Hard Money Lending Explained

Private money, also known as “hard money,” is alive and well in most states. As the “Help I need money” noose tightens around the neck of home-builders and potential entrepreneurs, thoseĀ  with cash burning a hole in their pockets will open the doors for potential investors by way of this loan vehicle.

If you are planning on investing in a home and/or rehabbing it, and would like to possibly dip your toe in the deep end of the money pool to make the purchase please allow this informative article to explain how hard money works and what the difference is between hard money and private money.

Description of Hard Money. What it is and how it Works.

A hard money lender/loan is a specific type asset-based loan financing through which a borrower may not be able to get a traditional loan from one of the usual suspects like a bank or credit union. These loans are usually based on a short term not years to repay for real estate investors interested in buying or repairing distressed properties. Unlike banks, hard money lenders are quick to loan money to qualified borrowers wherein money can exchange hands in a day or week. If your credit is marginal, hard money lenders will occasionally require the borrower to back up the loan with “real” assets like a home, business or even a valuable vehicle that is free and clear.

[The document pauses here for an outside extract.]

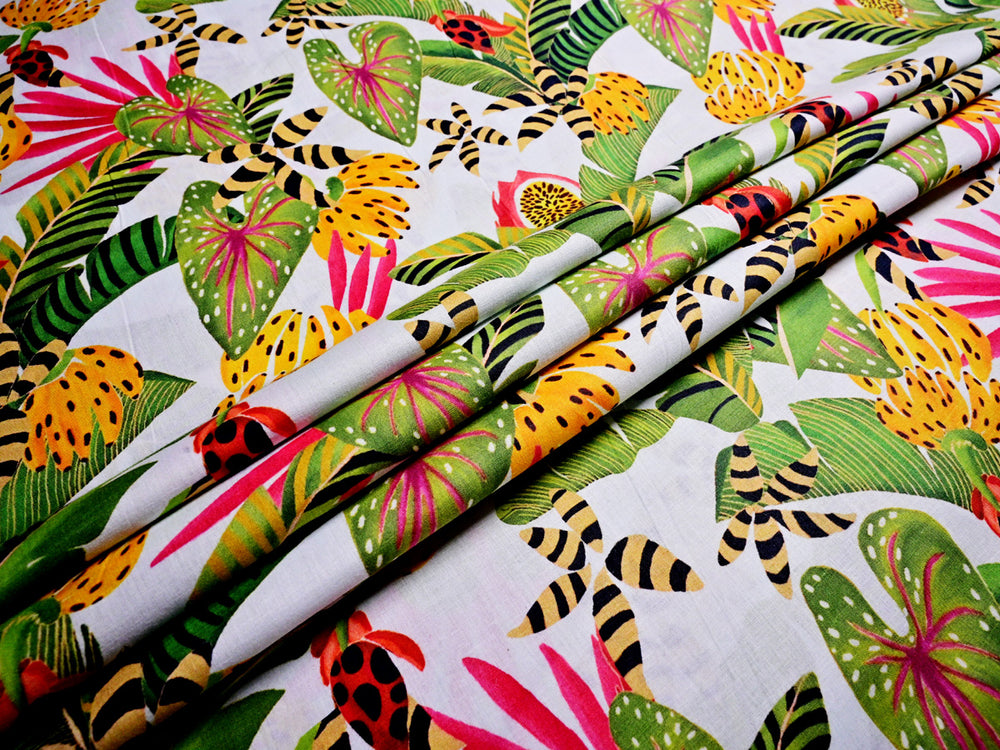 cotton tropical fabric by the yard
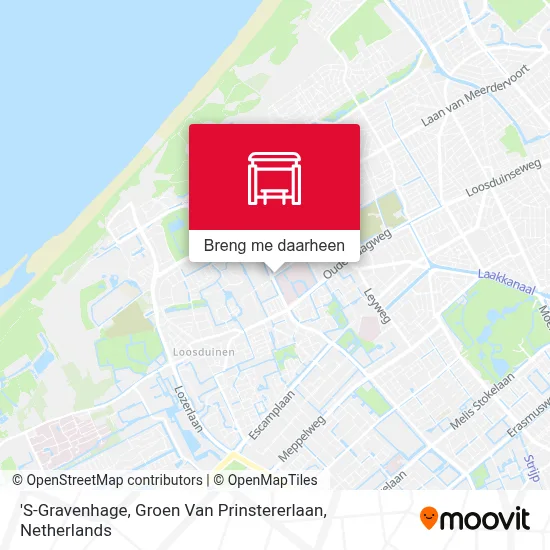 'S-Gravenhage, Groen Van Prinstererlaan kaart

Note #1: Hard money lenders are usually compared to private money lenders. However, a private lender will many times be more flexible and offer better terms and conditions to the borrower. Think: interest rate, duration of the loan, and necessary or unnecessary paperwork, Private lenders are many times a close friend, family member, business associate as well as a professional referral.
Note #2: There is also another hard money loan type that targets real estate borrowers. It’s called a “bridge loan; also known as a “swing” loan. The concept is close to what hard money lenders work with when interim financing is needed. These types of loans are more expensive than the others and mostly used for commercial real estate purchases when a permanent loan or “take out” loan is imminent. Ergo, if money is quickly needed for a short term, and the traditional loan boat has left the dock, hard money is worth the cost.